Elena_Suvorova/Shutterstock.com

Best time to go on a road trip from San Francisco to Grand Canyon

It can be difficult to determine the best time for a road trip from San Francisco to Grand Canyon, since the length of the trip means a lot of planning needs to go into the drive itself.

For starters, you'd have to travel between April and October if you want to take the scenic route – Tioga Pass closes some time before the winter season, in preparation for the high-altitude snowfalls in November.

You could take the fast route in the winter, but the North Rim and other places of interest at GC would be inaccessible due to snow.

Also, checking out Death Valley's practically a must along the scenic route, but you might want to steer clear of it in the summer due to the extreme temperatures.

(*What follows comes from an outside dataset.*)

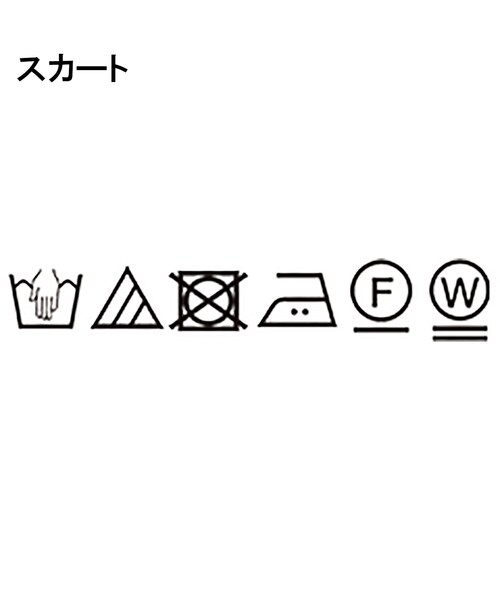THE SHOP TK (ザ ショップ ティーケー )の「◆【2WAY】カバーチュールスカート(スカート・レディース・チャコールグレー/ブラック・99)」の9枚目の写真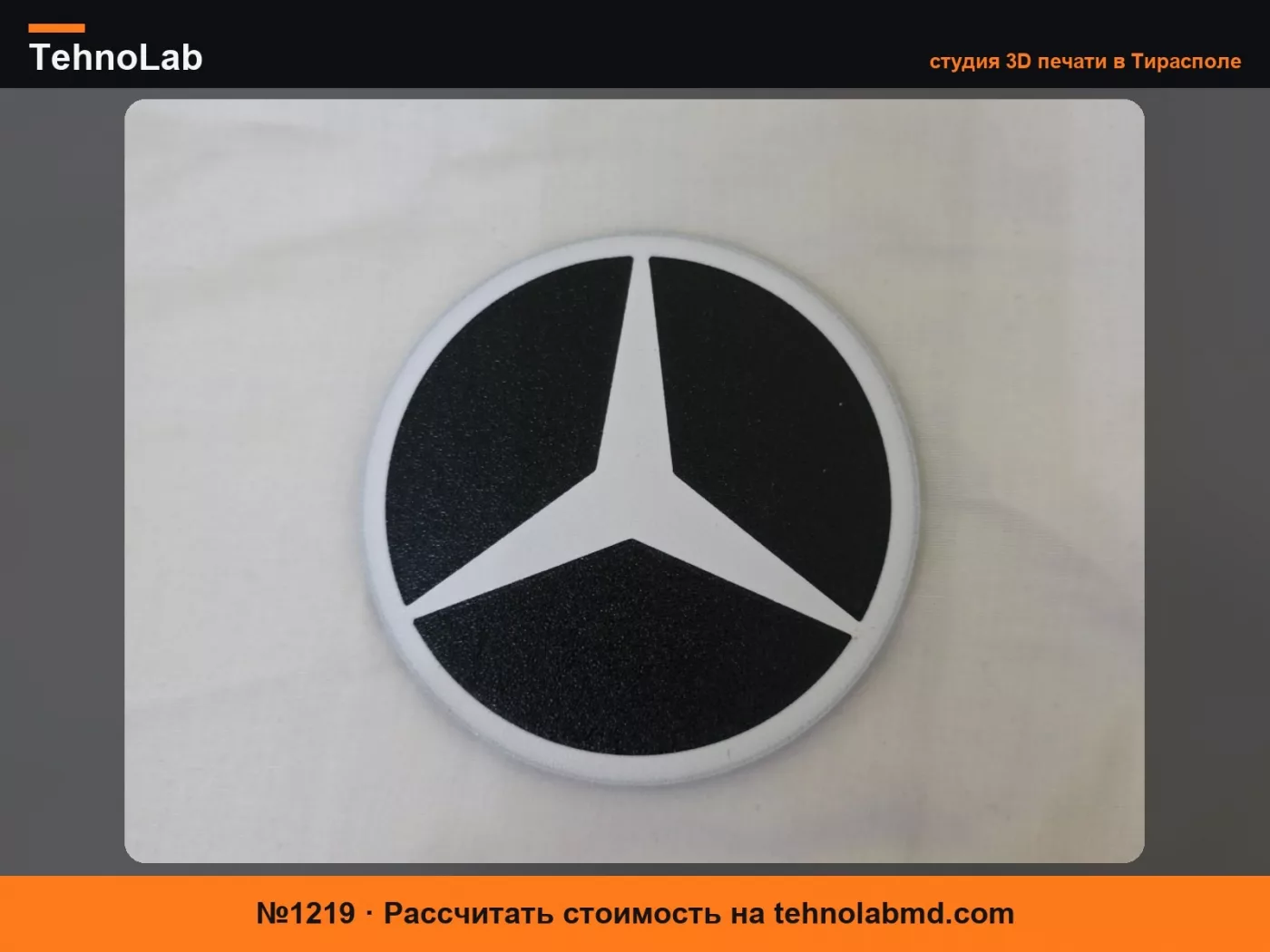 №1219 подставка Mercedes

You'll have a similar problem along the quicker route, as the summer heat can make the latter half of your drive more difficult than it has to be. Also, the hotter, lower-altitude parts of the Grand Canyon are best avoided this time of year.

Ultimately, what this all means is that you should probably do this road trip in late spring or early fall – that way, you can travel and explore the Canyon on your own terms.